** WORK INSTRUCTION **
Transcribe the listing exactly; drop the images.

** DATASET RECORDS **

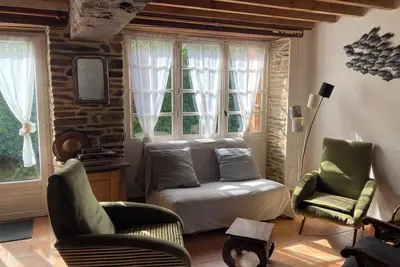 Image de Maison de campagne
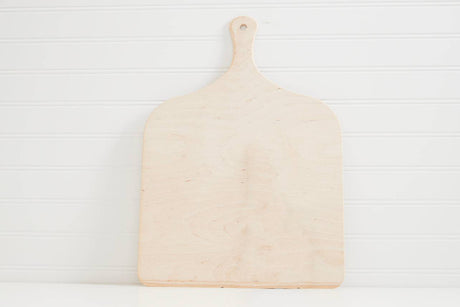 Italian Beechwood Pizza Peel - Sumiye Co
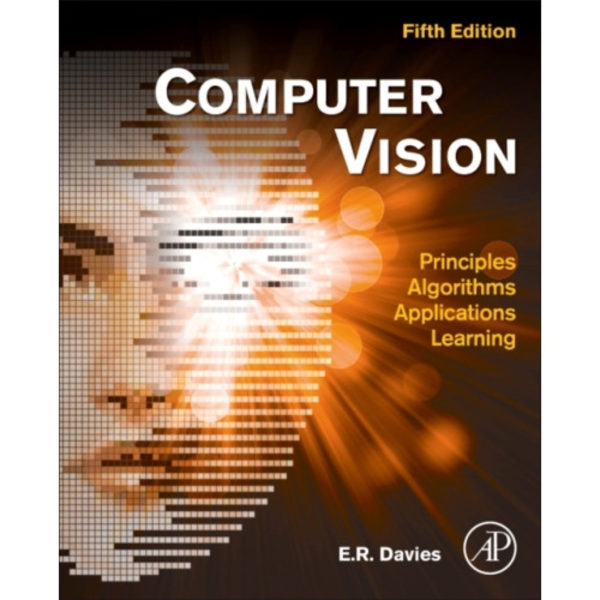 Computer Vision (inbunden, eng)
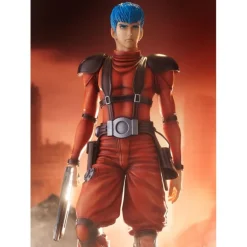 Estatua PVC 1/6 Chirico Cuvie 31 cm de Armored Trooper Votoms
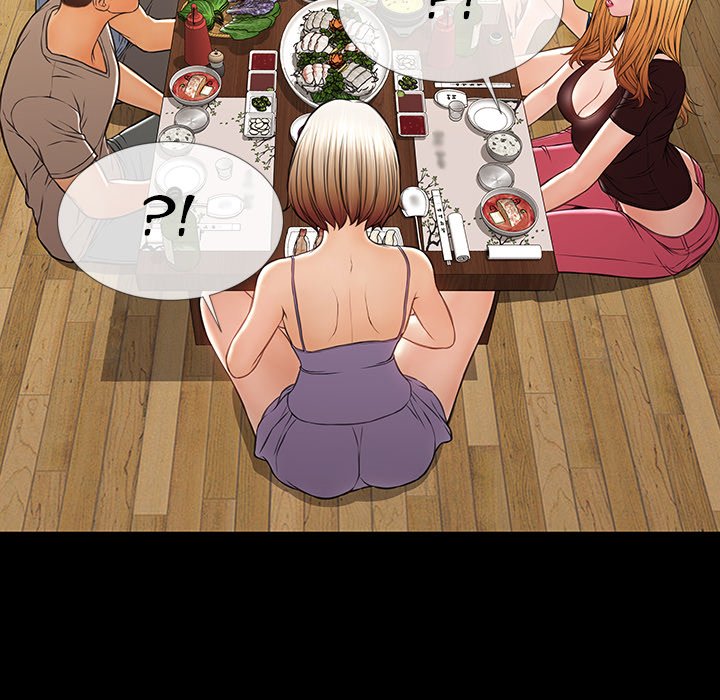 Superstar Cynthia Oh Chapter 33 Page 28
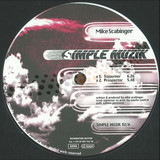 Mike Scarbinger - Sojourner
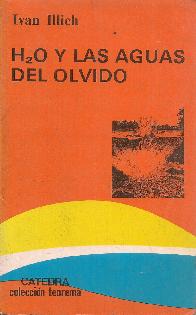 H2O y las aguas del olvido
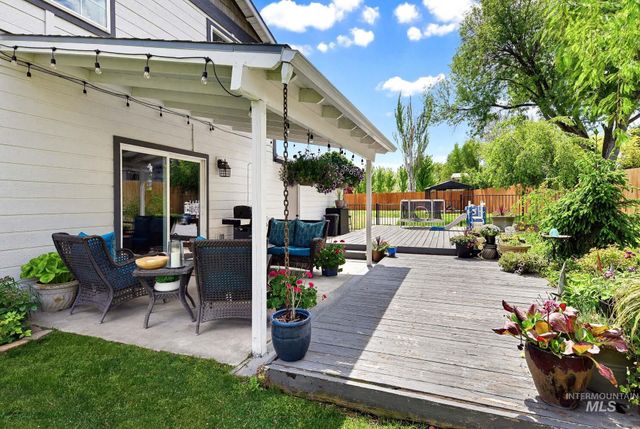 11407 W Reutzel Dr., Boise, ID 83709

** TASK RESULT **
 Image de Maison de campagne
 Italian Beechwood Pizza Peel - Sumiye Co
 Computer Vision (inbunden, eng)
 Estatua PVC 1/6 Chirico Cuvie 31 cm de Armored Trooper Votoms
 Superstar Cynthia Oh Chapter 33 Page 28
 Mike Scarbinger - Sojourner
 H2O y las aguas del olvido
 11407 W Reutzel Dr., Boise, ID 83709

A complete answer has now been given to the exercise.